Thursday, September 3, 2009

The Old Way of Doing Things

I started this writing thing about 18 years ago using a brand new Brother Word Processor I bought for a ridiculous amount of money. If you’re not familiar with what such a thing was, it was essentially a typewriter computer, complete with its own orange screen monitor, with no functionality beyond word processing. You could save your files on standard 3-1/2” floppy disks (single/double-sided, double density only; high density didn’t work), though once the files reached a certain size, you’d have to start a new file to continue. Since it was a typewriter, you had to buy costly ribbons to print your work, which would run out of ink without warning (you might end up with a mostly blank page), and it printed just like a typewriter as you inserted one piece of paper at a time. You could even buy different daisy wheels if you wanted additional fonts.

Someone else's Brother WP-3400
I thought that word processor was the neatest thing. If I would’ve been smarter, I would’ve used my money to buy a decent used computer, even if they were primitive at the time compared to now, since I now have useless disks of documents from that period that I can’t access. Fortunately, I did print out everything—another fun thing was going to a place like Office Depot and buying packets of high quality paper for printing and then putting the printed works in binders—so I do have these works. But I don’t have the time or patience to retype these things into modern day Word.

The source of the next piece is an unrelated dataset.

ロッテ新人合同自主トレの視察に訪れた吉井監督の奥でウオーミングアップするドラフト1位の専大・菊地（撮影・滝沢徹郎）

In a way, it’s probably good that I can’t access these works now. Putting it simply, they stink and are embarrassing to read all these years later, which is to be expected of most 19 year olds who have just begun expressing their creativity. Most of us aren’t Mozart or Carson McCullers or John Keats; if you are, congratulations, though be aware that they all died young. The rest of us need years of writing crap and living our lives before we can find our voice and craft.

That Brother Word Processor, though it’s now long gone, will always hold a special place in my memory since it was a critical part of my writing journey. It was a primitive tool in my primitive years—the first tool I purchased specifically to aid my writing ambitions. I consider the day that I bought it as the start of my writing career.